Television can also distort and make light of serious societal issues. Montemurro (2003) looked at a total of 56 episodes from five prime-time situational comedies. Across all the programs there was an average of 3.5 incidents of gender or sexual harassment per episode; 33% of all episodes contained some form of harassment. While harassment is not necessarily a main topic in situational comedies, it is used often for humor. The use of a serious societal issue for humor belittles the impact of the problem and reinforces stereotypes and negative perceptions surrounding the issue. This sends out the message that sexual harassment is funny; it is not meant to be taken seriously. Often sexual harassment is presented without being named (Fouts & Burggraf, 2000). By not labeling the actions, they are seen as trivial and dismissible. This leaves adolescent females with the impression that such degrading and male-empowering actions are inconsequential and worthy of nothing more than a laugh. It is not something that is meant to be taken seriously or should be pursued further.

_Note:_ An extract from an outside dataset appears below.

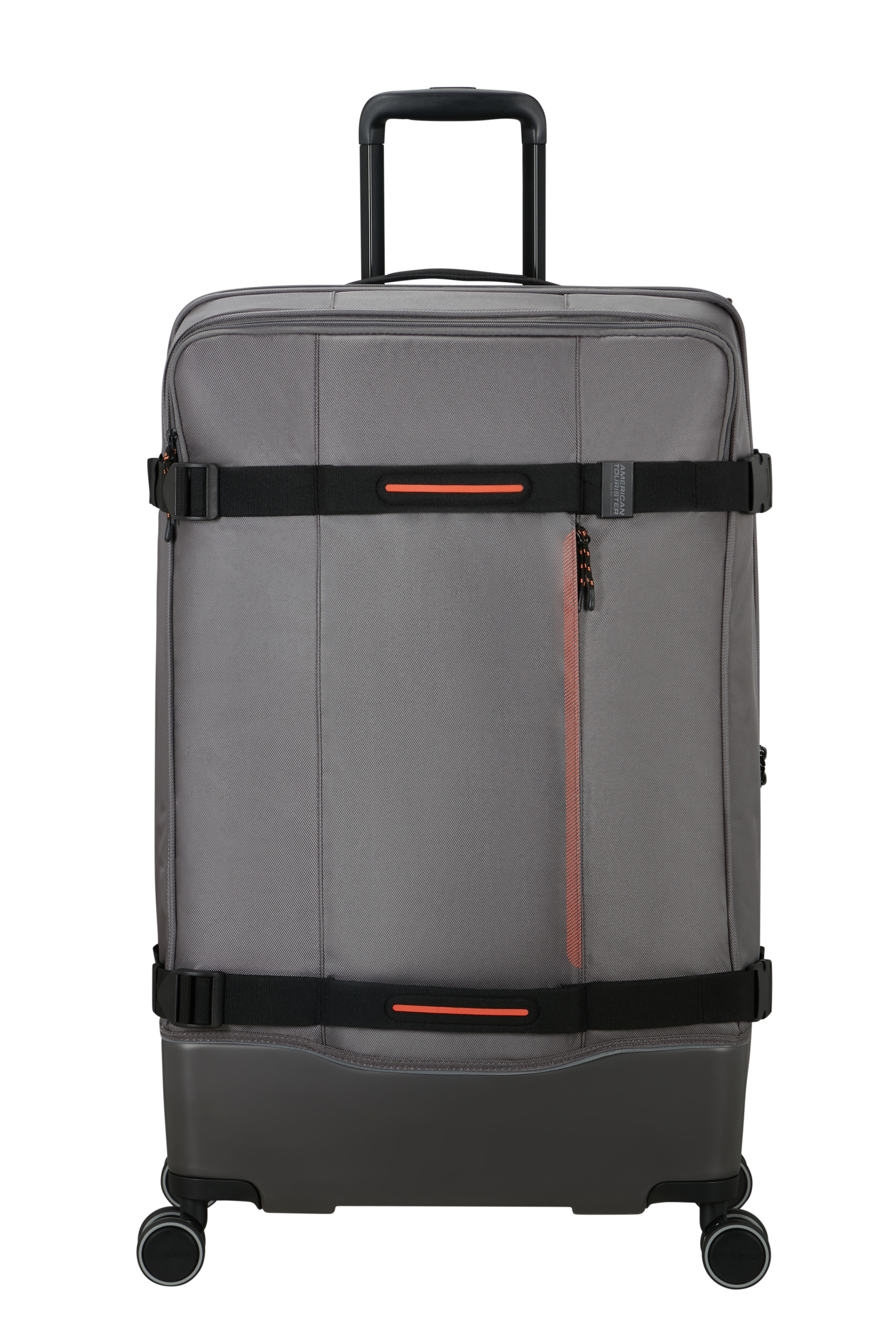 Urban track valise 4 roues taille l AMERICAN TOURISTER Gris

As well, women portrayed on television are generally depicted as less serious employees (Murnen & Smolak, 2000). They are less competent, more emotional and reactionary, and less reliable than their male colleagues. Even though women may be portrayed in established and important positions, their accomplishments are often demeaned by their flighty or irrational actions. This gives adolescent females the impression that although women can work hard to rise to positions of power and prestige, they will never fully be taken seriously or be able to maintain their level of authority.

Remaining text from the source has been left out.